LA VALEUR CONTRE L'IMPACT
La question s’est alors très vite posée de la compatibilité de cette approche avec la notion de mesure de l’impact social.
Rappelons d’abord que, comme celui de chaîne de valeur, le concept d’impact social vient du monde de l’entreprise et de son analyse économique2 . Il a été forgé à Yale en 1969 dans le cadre d’un séminaire sur la responsabilité éthique des entreprises3 . L’impact (que nos amis québécois préfèrent traduire par « effet») est d’abord un concept environnemental, ensuite élargi au champ social. Il s’agit donc bien de désigner les externalités, c’est-à-dire les effets externes ou secondaires de l’activité économique.
Demander à une entreprise de rendre compte de son impact écologique et social, c’est chercher à calculer les coûts ou les bénéfices indirects de cette activité, c’est donc observer l’environnement et la société du point de vue de l’acteur économique, avec son langage et ses instruments de mesure. On peut s’interroger sur la légitimité et la pertinence d’appliquer le même langage et la même métrique aux acteurs sociaux eux-mêmes, mais puisque nous pensions que cette « importation » était jouable avec la chaîne de valeur, l’objection a provisoirement été écartée.
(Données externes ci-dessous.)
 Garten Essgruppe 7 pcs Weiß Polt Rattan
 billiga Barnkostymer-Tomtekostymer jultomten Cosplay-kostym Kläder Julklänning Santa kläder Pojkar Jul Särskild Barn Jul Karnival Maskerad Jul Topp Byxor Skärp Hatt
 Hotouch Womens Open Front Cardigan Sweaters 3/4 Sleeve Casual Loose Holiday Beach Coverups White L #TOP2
Il est en revanche une seconde objection plus cohérente avec la place qu’occupent les acteurs sociaux. Parler d’impact ou d’effet sur la société et vouloir le mesurer, c’est considérer la société comme un environnement ou un milieu récepteur et c’est supposer que l’on peut mesurer les effets de l’action «toutes choses égales par ailleurs ». C’est au demeurant en développant cette méthode dans la lutte contre la pauvreté qu’Esther Duflo et Abhijit Banerjee ont été distingués par la Banque de Suède en 2019.
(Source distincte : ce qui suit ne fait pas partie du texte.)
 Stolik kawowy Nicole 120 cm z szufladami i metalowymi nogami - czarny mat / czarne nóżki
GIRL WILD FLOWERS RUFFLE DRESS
Or, cette approche est diamétralement opposée à la façon de voir qui fait aujourd’hui largement consensus parmi les acteurs sociaux et qui repose sur le concept d’empowerment ou de pouvoir d’agir : la société n’est pas le réceptacle passif de l’action, elle est au contraire elle-même l’ensemble des acteurs et de leurs interactions.
Croire que l’on pourrait mesurer le résultat de l’action en comparant l’état de la société avant et après, c’est faire comme si le reste de la société restait inactif ou immobile.
À ce stade de la réflexion, la notion de chaîne de valeur s’oppose clairement à celle d’impact social. Elle intègre à la fois l’idée d’interactions multiples et celle de processus continu. En filant la métaphore de la société comme écosystème, on peut alors considérer que la chaîne de la valeur sociale puise sa « matière première » dans les ressources de la société et que son efficacité peut être mesurée par le renouvellement ou l’accroissement de ces ressources. Par opposition à la chaîne de valeur de Porter, linéaire et débouchant sur la marge bénéficiaire de la firme, on parlera de cycle de la valeur sociale, dont l’effet mesurable est la force du lien social et le pouvoir d’agir des personnes.
LA LEÇON DES CENTRES SOCIAUX
Munis de cette belle construction théorique, il nous restait à en démontrer l’utilité pratique. C’est ce que nous avons entrepris avec plusieurs centres sociaux de la Drôme et de Seine-Maritime. Sans entrer dans le détail de cette expérimentation, on peut en retenir le résultat majeur.
Rappelons d’abord qu’il ne s’agit pas d’un travail d’expert ou de consultant, mais d’une démarche d’éducation populaire visant à faire détecter et mesurer par l’ensemble des acteurs du centre social la valeur qu’ils créent pour leur territoire.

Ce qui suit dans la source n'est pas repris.